Zeroth-Order Machine Learning for Flexible Integration of Domain Knowledge
James Diffenderfer | 22-FS-019
Scientific machine learning (SciML) can enhance scientific workflows (SW) (e.g., simulations) or machine learning (ML) by creating synergistic models built on ML foundations that use domain knowledge as modules in an ML model. SciML models could be used to accelerate the scientific discovery process; however, training is limited to systems where gradient information is available. In many instances, gradient information is not provided by an SW or is nonexistent, yielding untrainable SciML models. In this project, we explored the use of deep neural network (DNN) sparsity and zeroth-order optimization (ZOO) to answer the following feasibility question: Can we leverage gradient-free techniques to train accurate SciML models? Specifically, we discovered that by using ZOO techniques to train DNN correction functions to we could enhance the quality of low-fidelity fluid-dynamics simulations (PhiFlow) beyond the baseline technique for training DNNs for the same task. Notably, our ZOO-trained SciML model produced a 17x reduction in MAE on the test set over the model trained using the baseline technique. This successful demonstration of feasibility is an important first step towards the broader use of ZOO for training SciML models.
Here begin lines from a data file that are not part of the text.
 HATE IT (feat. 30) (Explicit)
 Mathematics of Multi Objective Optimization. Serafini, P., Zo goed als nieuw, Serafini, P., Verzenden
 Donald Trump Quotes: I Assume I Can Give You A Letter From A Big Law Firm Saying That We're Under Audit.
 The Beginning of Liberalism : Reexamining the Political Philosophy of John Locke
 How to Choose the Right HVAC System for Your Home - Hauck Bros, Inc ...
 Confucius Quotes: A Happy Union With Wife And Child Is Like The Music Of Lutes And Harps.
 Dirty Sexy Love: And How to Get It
Additionally, for the first time, we demonstrated that deep neural-network sparsity can effectively be applied in our SciML application, which not only reduces the cost of ZOO training for our SciML applications but also reduces the memory overhead when enhancing simulation codes via deep learning.
Due to its fundamental nature and the widespread impact of ML, results from this project have the potential to benefit all four of LLNL's mission focus areas. The techniques developed and demonstrated in this project are paving the way for fundamental advances in Data Science and the settings in which it can be applied. While the scope of our application was limited (due to the nature of a feasibility study), our methods can provide new insights into many relevant applications with SciML that currently face design constraints due to scientific workflows that do not provide gradient information. The feasibility demonstrated in this project and the tools herein developed can serve as the groundwork for a comprehensive ZOO training framework that has the potential to impact several mission-critical applications, including projects in Advanced Materials and Non-Destructive Evaluation (NDE) facing this same issue. If developed, such a comprehensive ZOO training framework can directly benefit the Cognitive Simulation (CogSim) Director's initiative and WCI's long-term Virtual Design Assistant (ViDA) strategy. This project successfully established collaborative relationships between LLNL and two active deep-learning research groups: Dr. Sijia Liu's group at Michigan State University and Dr. Yi Zhou's group at the University of Utah. These collaborations will help to strengthen LLNL's position as a leader in deep-learning research and development.